WORK TO BE COMPLETED: Using the listing below, copy exactly the lines from the one containing "Ember Temperature Control" to the one containing "Dinosaur table decoration, dinosaur", both lines included, and no others.

EXERCISE DATA:
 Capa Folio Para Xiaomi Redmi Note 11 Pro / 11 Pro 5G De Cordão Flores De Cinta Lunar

==

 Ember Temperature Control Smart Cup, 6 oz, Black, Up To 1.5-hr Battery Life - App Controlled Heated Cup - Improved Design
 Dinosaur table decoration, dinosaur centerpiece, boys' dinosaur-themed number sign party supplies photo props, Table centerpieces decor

FINISHED EXERCISE:
 Ember Temperature Control Smart Cup, 6 oz, Black, Up To 1.5-hr Battery Life - App Controlled Heated Cup - Improved Design
 Dinosaur table decoration, dinosaur centerpiece, boys' dinosaur-themed number sign party supplies photo props, Table centerpieces decor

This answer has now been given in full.